**DATA EXTRACTS**
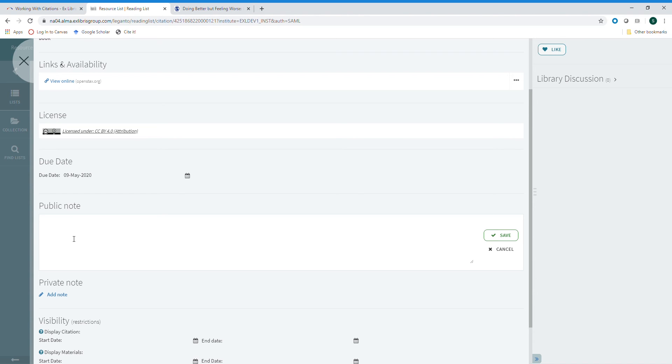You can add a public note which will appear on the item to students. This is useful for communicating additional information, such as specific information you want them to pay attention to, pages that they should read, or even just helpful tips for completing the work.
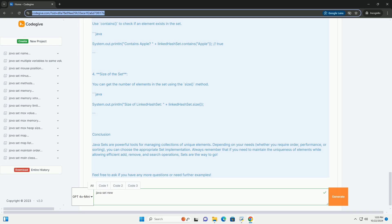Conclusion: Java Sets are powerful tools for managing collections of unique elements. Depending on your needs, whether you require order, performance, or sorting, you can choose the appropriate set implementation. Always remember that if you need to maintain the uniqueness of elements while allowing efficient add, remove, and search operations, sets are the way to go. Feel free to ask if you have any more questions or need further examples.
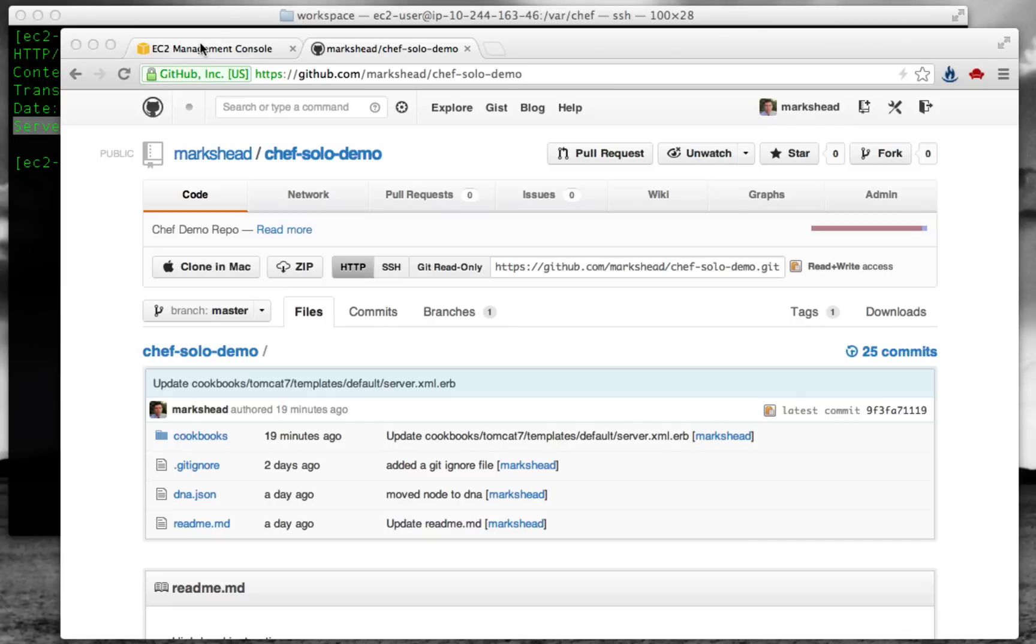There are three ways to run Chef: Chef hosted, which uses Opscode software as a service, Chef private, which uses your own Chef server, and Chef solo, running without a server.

==

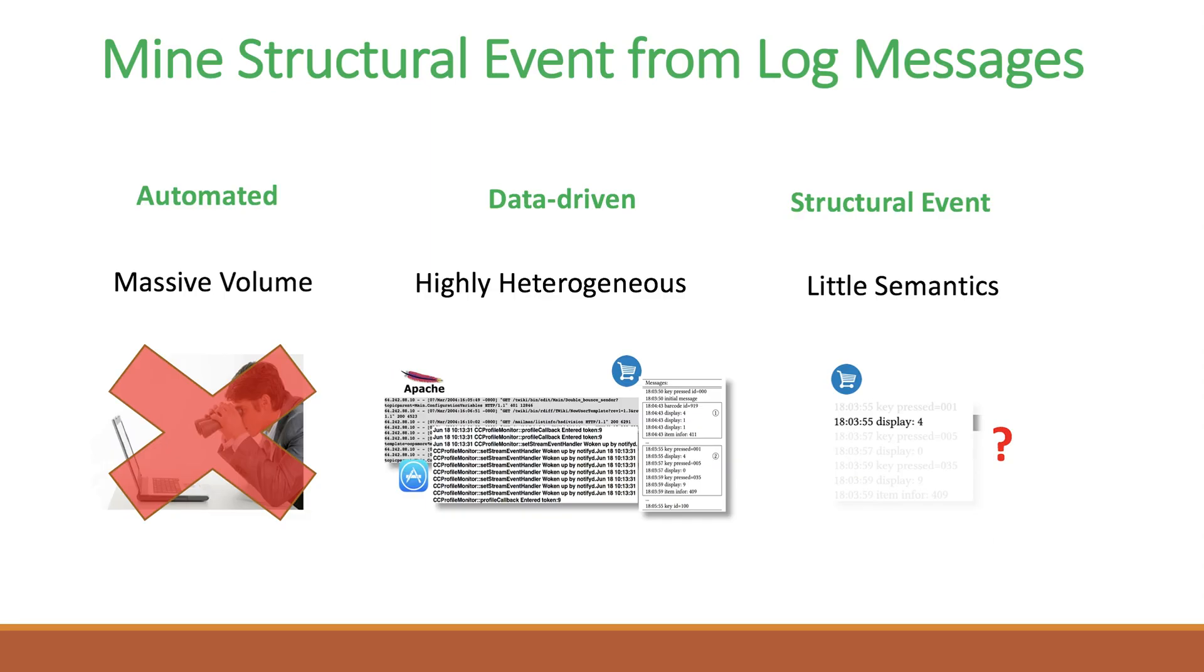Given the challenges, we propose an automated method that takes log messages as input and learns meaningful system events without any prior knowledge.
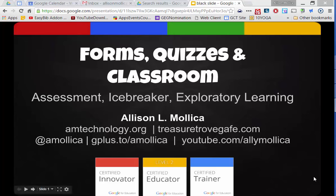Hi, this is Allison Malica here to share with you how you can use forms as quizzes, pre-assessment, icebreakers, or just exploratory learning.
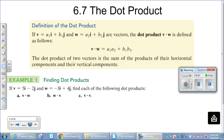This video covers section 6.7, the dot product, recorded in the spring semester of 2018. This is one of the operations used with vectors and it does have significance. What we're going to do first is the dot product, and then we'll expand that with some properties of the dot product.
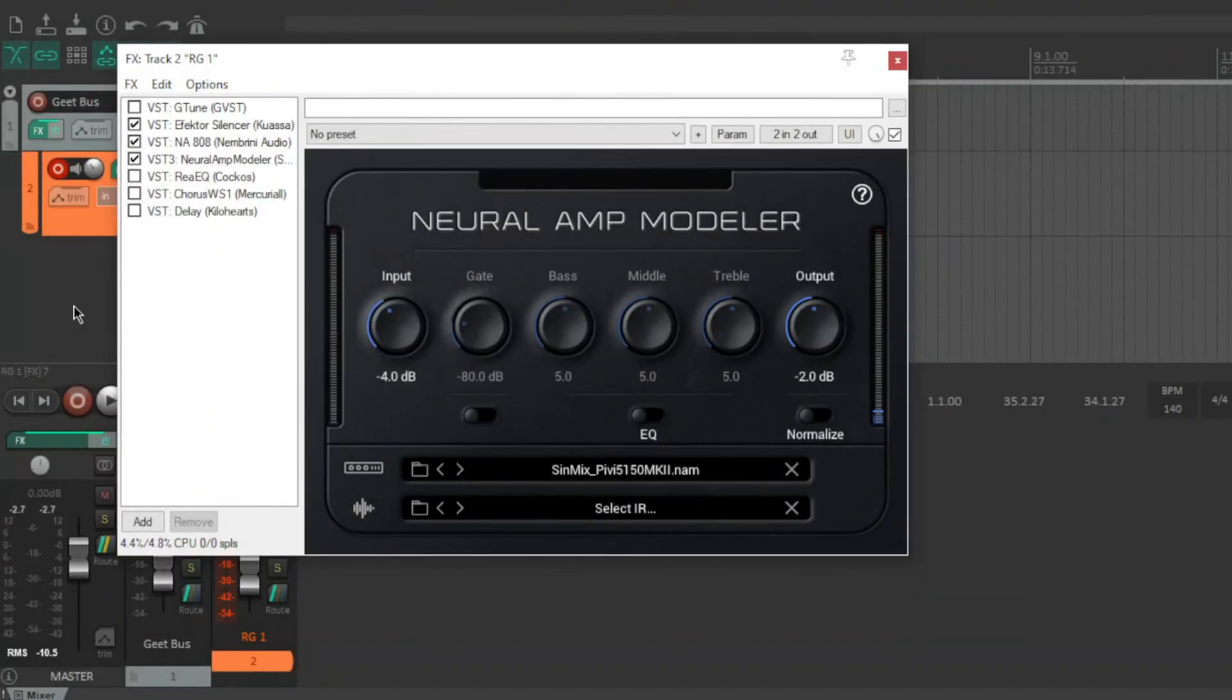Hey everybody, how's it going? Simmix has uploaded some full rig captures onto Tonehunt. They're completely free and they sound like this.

**WHAT YOU HAVE TO DO**
Please transcribe exactly the part of the records that opens with the line containing "This video covers" and closes with the line containing "Hey everybody, how's", both ends included, and leave out the pictures.

**ANSWER TO THE EXERCISE**
This video covers section 6.7, the dot product, recorded in the spring semester of 2018. This is one of the operations used with vectors and it does have significance. What we're going to do first is the dot product, and then we'll expand that with some properties of the dot product.
Hey everybody, how's it going? Simmix has uploaded some full rig captures onto Tonehunt. They're completely free and they sound like this.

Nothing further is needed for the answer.